MediaWiki is the collaborative editing software that runs Wikipedia. This page documents its deployment at Wikimedia Foundation.

Infrastructure

A Wikipedia web request is processed in a series of steps outlined here (as of August 2022).

  • The DNS resolves hostnames like en.wikipedia.org ultimately points to an address like text-lb.*.wikimedia.org, for which the IP addresses are service IPs handled by LVS, which acts as a direct-routing load balancer to our caching proxies.
    » See also DNS, Global traffic routing, and LVS.
  • Wikimedia Foundation owns its content-delivery network. The public load balancers and caching proxies are located in all data centres (especially those with the sole role of being an edge cache, also known as "pop").
    » See also Data centers and PoPs.
  • The caching servers are implemented as a reverse proxy consisting of three layers: TLS termination, frontend caching, backend caching. Each cache server hosts all three of these layers.
    » See also Caching overview.
    • TLS termination and HTTP/2 handling, handled by HAProxy.
    • Frontend caching: This is an in-memory HTTP cache (uses Varnish, called "Varnish frontend", or varnish-fe). The LVS load balancers route the request to a random cache proxy server to maximise the amount of parallel traffic we can handle. Each frontend cache server likely holds the same set of responses in its cache, the logical capicity for the frontend cache is therefore equal to 1 server's RAM.
    • Backend caching: The backend HTTP caches are routed to by frontend caches in case of a cache miss. Contrary to the frontends, these are routed by a consistent hash, and they also persist their cache on disk (instead of in memory). The backend caches scale horizontally and have a logical capacity equal to the total of all servers. In case of a surge in traffic to a particular page, the frontends should each get a copy and distribute from there. Because of consistent hashing, the same backend cache is always consulted for the same URL. We use request coalescing to avoid multiple requests for the same URL hitting the same backend server. For the backend cache, we use Apache Traffic Server (ats-be).
  • After the cache proxies we arrive at the application servers (that is, if the request was not fulfilled by a cache). The application servers are load-balanced via LVS. Connections between backend caches and app servers are encrypted with TLS, which is terminated locally on the app server using a local Envoy instance, which, in turn, hands the request off to the local Apache. Prior to mid-2020, Nginx- was used for TLS termination. Apache there is in charge of handling redirects, rewrite rules, and determining the document root. It then uses php-fpm to invoke the MediaWiki software on the app servers. The application servers and all other backend services (such as Memcached and MariaDB) are located in "Core services" data centers, currently Eqiad and Codfw.
    » See also Application servers for more about how Apache, PHP7 and php-fpm are configured.

App servers

See Application servers for more about how Apache and php-fpm are configured.

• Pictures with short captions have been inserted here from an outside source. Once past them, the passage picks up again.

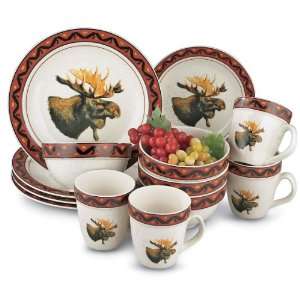 16 Pc. Moose Stoneware Dinnerware Set 
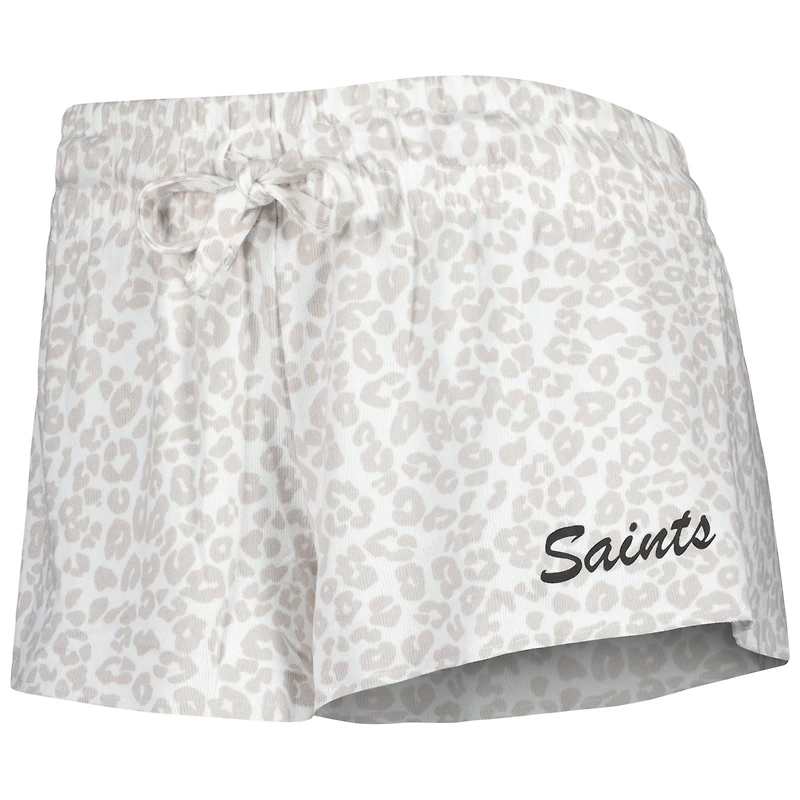 Women's Concepts Sport White/Cream New Orleans Saints Montana Knit Top & Shorts Sleep Set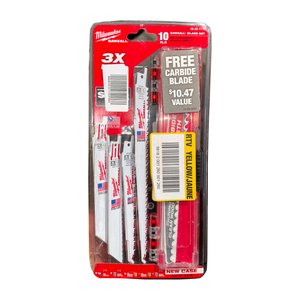 Milwaukee 49-22-1110 10+1 SAWZALL Blade Set (Free Carbide Blade)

The application servers are divided in the following groups:

Group Purpose Hiera Servergroup Conftool
Main app servers Default catch-all for HTTP requests to wiki domains for anything not served by another group.

This includes /w/index.php and /w/load.php. Notably excluded are X-Wikimedia-Debug, /w/api.php and /w/rest.php.

Hostnames: appservers-ro.discovery.wmnet, appservers-rw.discovery.wmnet

appserver appserver appserver
Web (Kubernetes) Default catch-all for HTTP requests to wiki domains, if sampled into MediaWiki On Kubernetes, and not served by another group.

Hostnames: mw-web-ro.discovery.wmnet, mw-web.discovery.wmnet

kube-mw-web
Debug servers Public HTTP to wiki domains, with X-Wikimedia-Debug. This is used by WikimediaDebug.

Hostnames: mwdebug####.{eqiad,codfw}.wmnet

appserver appserver testserver
Debug (Kubernetes) Public HTTP to wiki domains, with X-Wikimedia-Debug and select k8s-mwdebug as backend.

Hostnames: mwdebug.discovery.wmnet

kube-mw-debug
Misc (Kubernetes) Public HTTP request to noc.wikimedia.org.

Hostnames: mw-misc.discovery.wmnet

FIXME: ?
API app servers Public HTTP to wiki domains, with /w/api.php or /w/rest.php.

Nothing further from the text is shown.